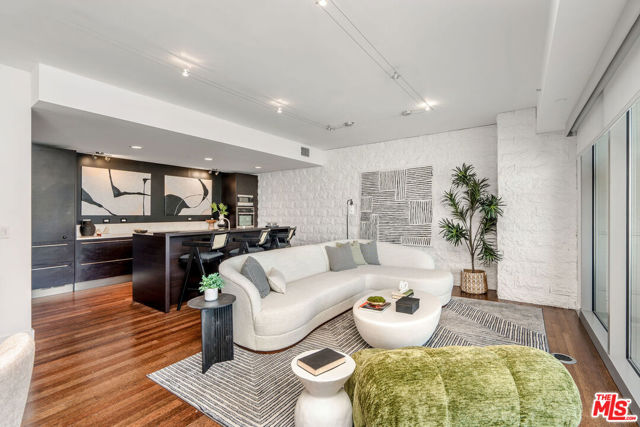 6250 Hollywood Boulevard, Los Angeles CA: https://media.crmls.org/mediaz/82c9297f-0010-4aa9-9376-e2abaed8d3b1.jpg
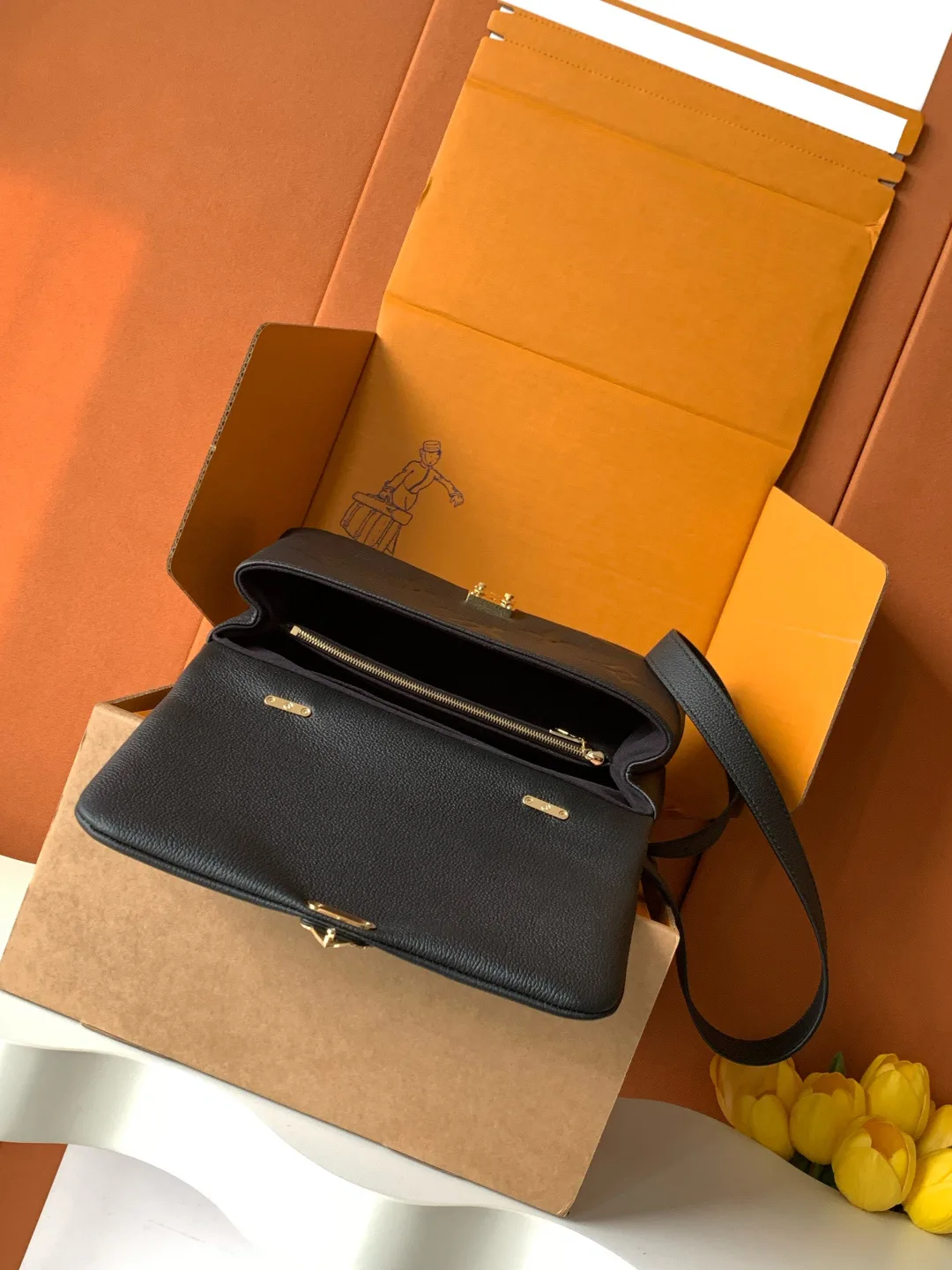 Women's Classic Handbags LOUIS VUITTON 18520974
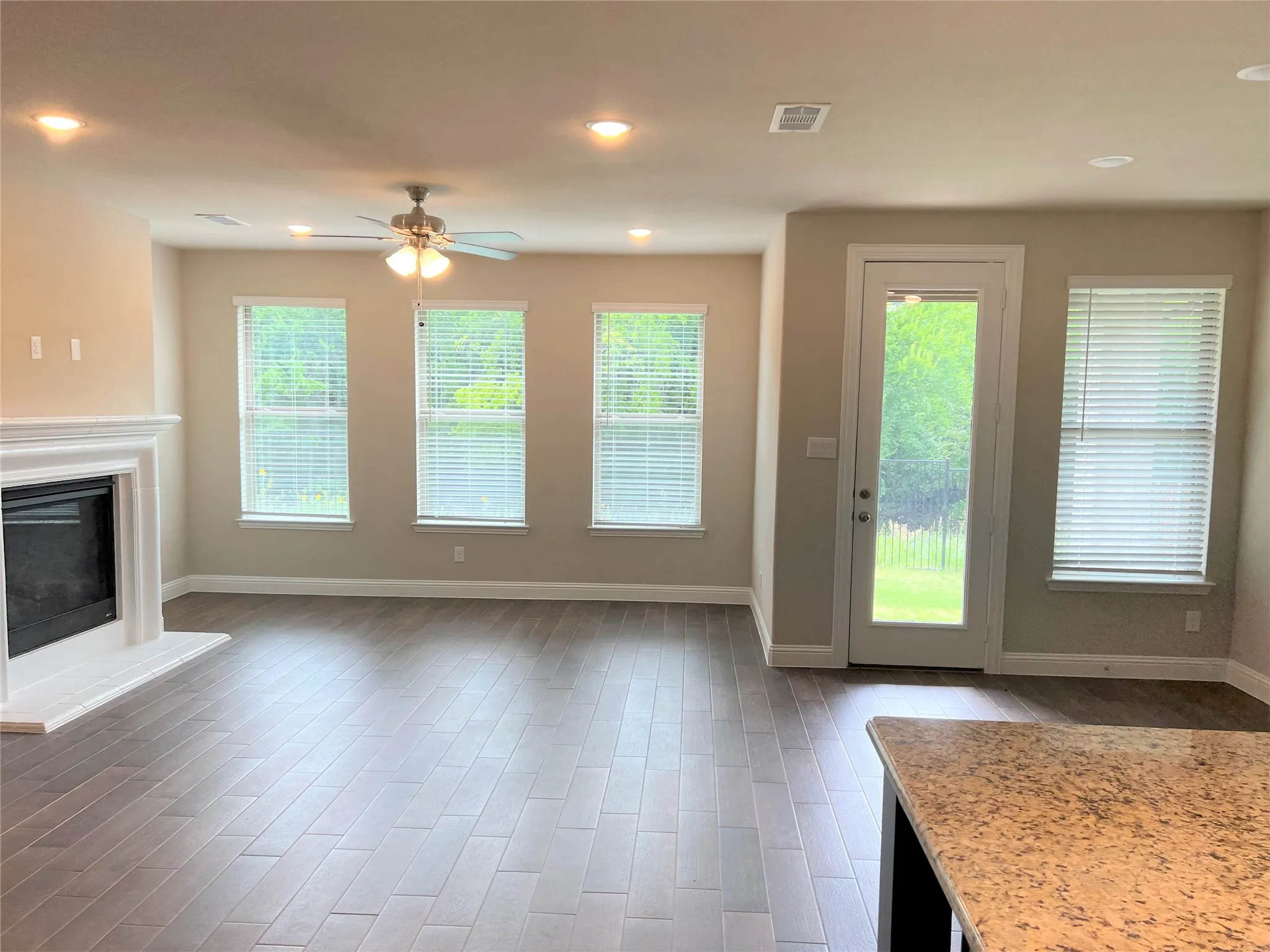 Single Family Residence For Rent in Collin County , 15779 Mossy Oak Lane, Frisco, Texas 75035, 5 Bedroom, 4 Bathroom, 2 Garage spaces, 2,633 Sqft, built in 2021, mls#21356957, Real Estate Agent in Frisco, Homes For Rent in Collin county, Homes For Rent in Frisco, Realtor in Frisco Texas, Real Estate Brokerage Independent Realty Texas, Luminita Cordes Realtor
◇ ◇ ◇
## Instructions for the task
The lines running from the beginning of the listing above through the line that holds "Women's Classic Handbags" are to be duplicated exactly, both ends kept, pictures omitted.

## Solution
 6250 Hollywood Boulevard, Los Angeles CA: https://media.crmls.org/mediaz/82c9297f-0010-4aa9-9376-e2abaed8d3b1.jpg
 Women's Classic Handbags LOUIS VUITTON 18520974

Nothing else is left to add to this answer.